From the above expression, for simplification reasons, the multiplication of a value of the audio signal with two weighting factors can be replaced by a multiplication of the value with the product of the two weighting factors.
Depending on the circumstances, the inventive method as illustrated with regard to FIG. 1 can be implemented in hardware or in software. The implementation can be performed on a digital memory media, particularly a disc or CD with electronically readable control signals, which can cooperate with a programmable computer system such that the method is performed. Generally, thus, the invention consists also of a computer program product with a program code stored on a machine-readable carrier for performing the inventive method when the computer program product runs on a computer. In other words, the invention can thus be realized as computer program with a program code for performing the method when the computer program runs on a computer.
While this invention has been described in terms of several preferred embodiments, there are alterations, permutations, and equivalents, which fall within the scope of this invention. It should also be noted that there are many alternative ways of implementing the methods and compositions of the present invention.
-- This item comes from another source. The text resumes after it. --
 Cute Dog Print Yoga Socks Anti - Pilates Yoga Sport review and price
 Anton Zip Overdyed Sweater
It is therefore intended that the following appended claims be interpreted as including all such alterations, permutations, and equivalents as fall within the true spirit and scope of the present invention.

Claims

1. Apparatus for calculating a discrete value for a current time of a component in a loudspeaker signal for a loudspeaker based on a virtual source in a wave-field synthesis system with a wave-field synthesis module and a plurality of loudspeakers, wherein the wave-field synthesis module is formed to determine delay information by using an audio signal associated to the virtual source and by using position information indicating a position of the virtual source, indicating delayed by how many samples the audio signal is to occur with regard to a time reference in the component, comprising:

a provider for providing a first delay associated to a first position of the virtual source at a first time, and for providing a second delay associated to a second position of the virtual source at a second later time, wherein the second position differs from the first position and wherein the current time lies between the first time and the second time;

a determiner for determining a value of the audio signal delayed by the first delay for the current time and for determining a second value of the audio signal delayed by the second delay for the current time;

a weigher for weighting the first value with a first weighting factor to obtain a first weighted value, and a second value with a second weighting factor to obtain a second weighted value; and

a summer for summing the first weighted value and the second weighted value to obtain the discrete value for the current time.
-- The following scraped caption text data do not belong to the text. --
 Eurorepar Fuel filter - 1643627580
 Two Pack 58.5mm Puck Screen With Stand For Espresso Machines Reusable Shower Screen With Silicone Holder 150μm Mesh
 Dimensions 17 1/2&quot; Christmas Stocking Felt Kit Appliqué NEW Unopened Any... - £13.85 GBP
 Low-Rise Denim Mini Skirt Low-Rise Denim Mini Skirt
2. Apparatus according to claim 1, wherein the first weighting factor and the second weighting factor are set for values between the first and the second times such that panning takes place from the audio signal delayed by the first delay to the audio signal delayed by the second delay.

3. Apparatus according to claim 1, wherein the first weighting factor decreases between the first time and the second time, and wherein the second weighting factor increases between the first time and the second time.
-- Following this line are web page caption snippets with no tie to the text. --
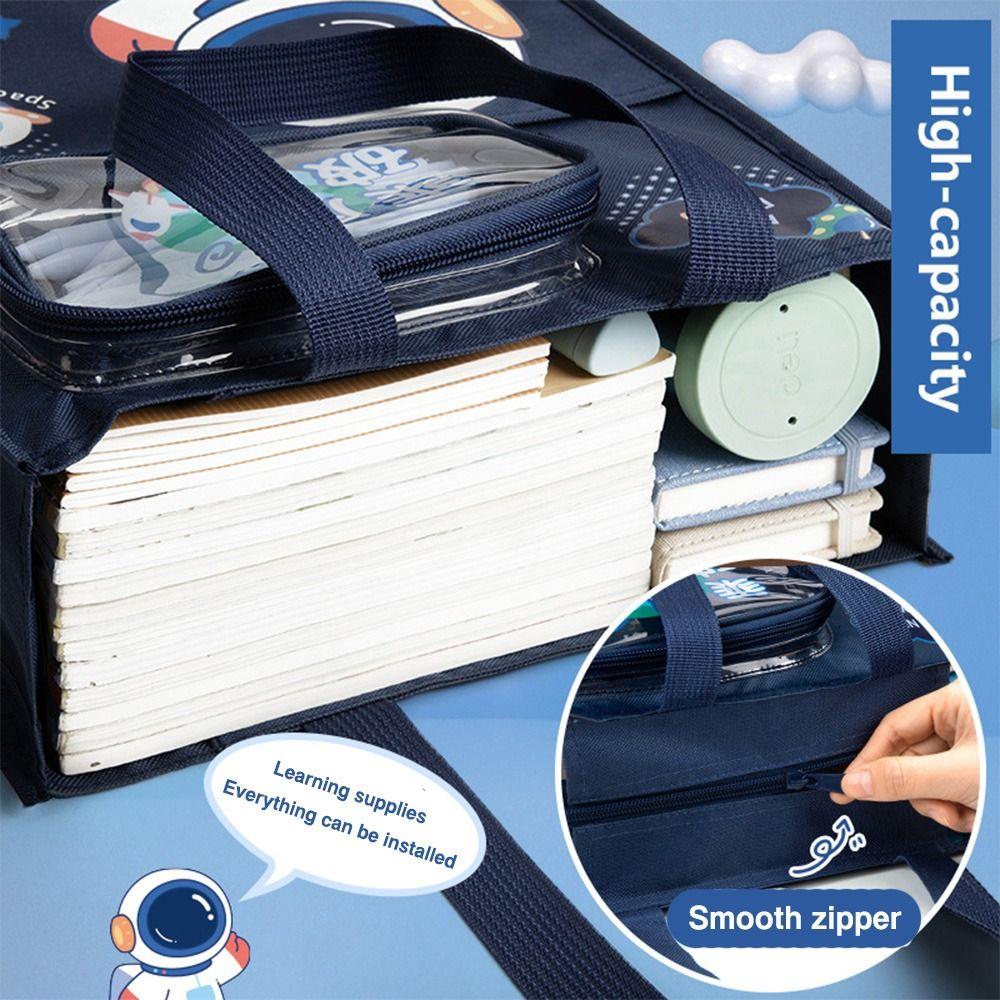 3/5-Layer Tutorial Bag Large-capacity A4 File Bag Cartoon Art Storage Bag boys girls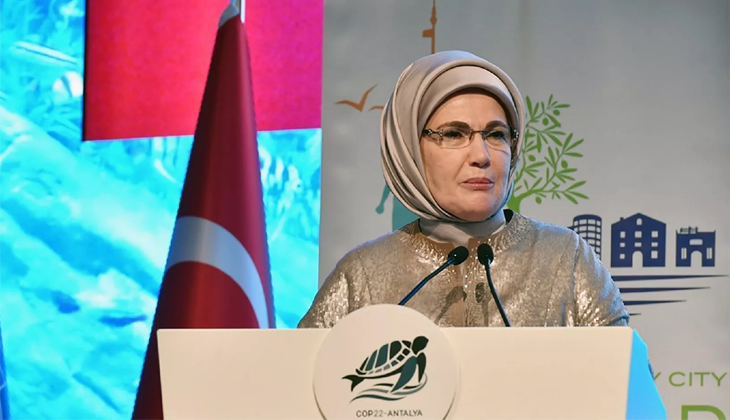 Emine Erdoğan: Akdeniz için acil önlemler almamız gerekiyor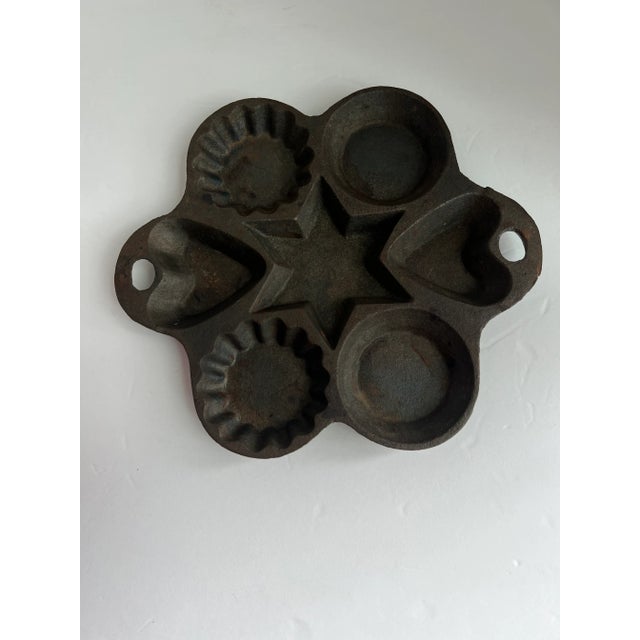 Vintage Cast Iron Biscuit Tin For Sale - Image 4 of 4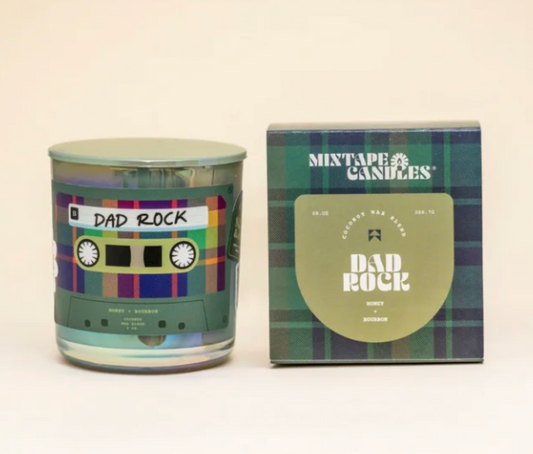 Dad Rock Candle - Mixtape Candles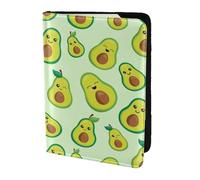 YUNWEIKEJI Lindo Aguacate Impreso., Funda para Pasaporte Cartera de Viaje de Cuero PU Funda para Pasaporte Fundas para Pasaporte 5,5 Pulgadas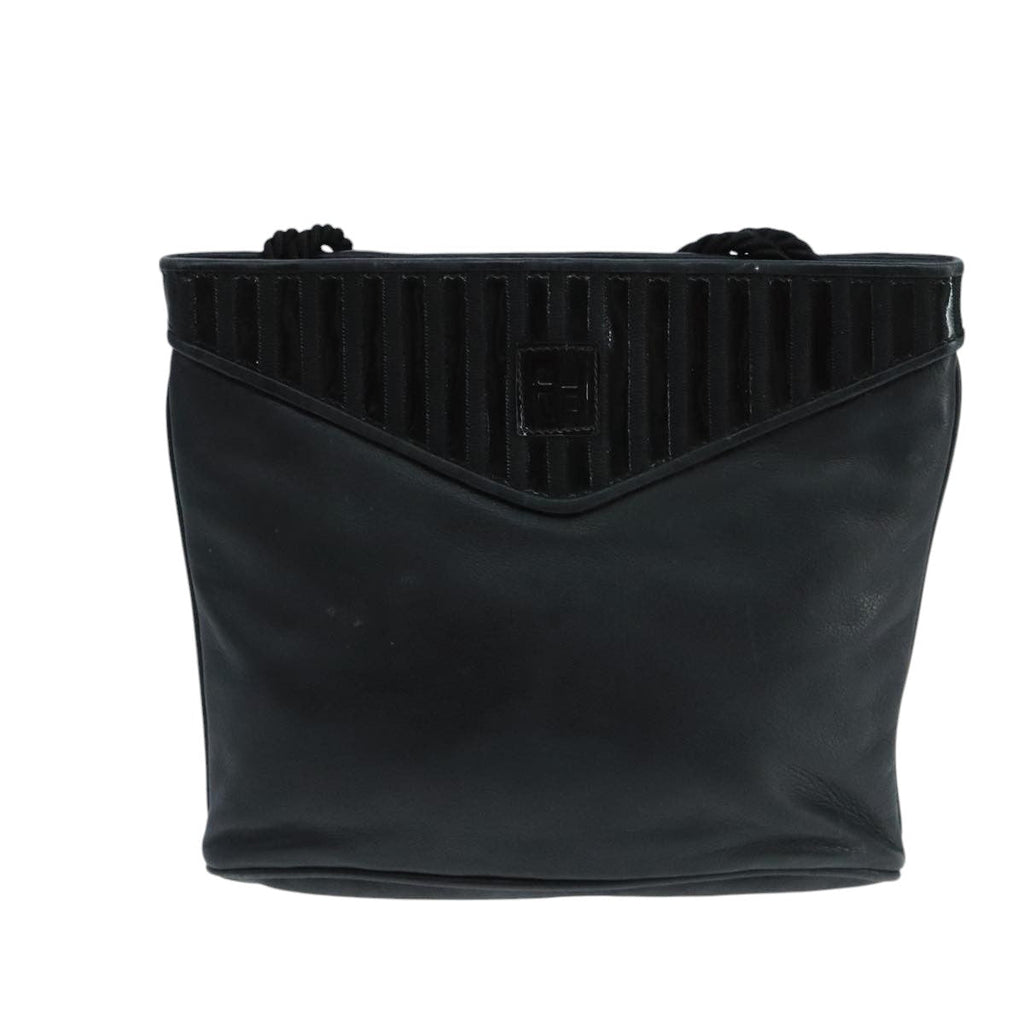 FENDI Shoulder Bag Leather Black ti2515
4. Apparatus according to claim 1, wherein the first weighting factor is equal to 1 at the first time and equal to 0 at the second time, and wherein the second weighting factor is equal to 0 at the first time and is equal to 1 at the second time.

5. Apparatus according to claim 1, wherein the first and second weighting factors depend on a difference between the current time and the first time or the second time.

6. Apparatus according to claim 1, wherein the first weighting factor decreases monotonously from the first time to the second time, and the second weighting factor increases monotonously from the first time to the second time.

7. Apparatus according to claim 1, wherein a sum of the first weighting factor and the second weighting factor lies within a predetermined tolerance range extending around a defined value.

8. Apparatus according to claim 7, wherein the predetermined tolerance range is plus or minus 10%.

9. Apparatus according to claim 1, wherein the audio signal is a sequence of discrete values, which are spaced apart by one sample period,

wherein the first time and the second time are spaced apart by more than one sample period.

10. Apparatus according to claim 9, wherein the first time and the second time are fixed.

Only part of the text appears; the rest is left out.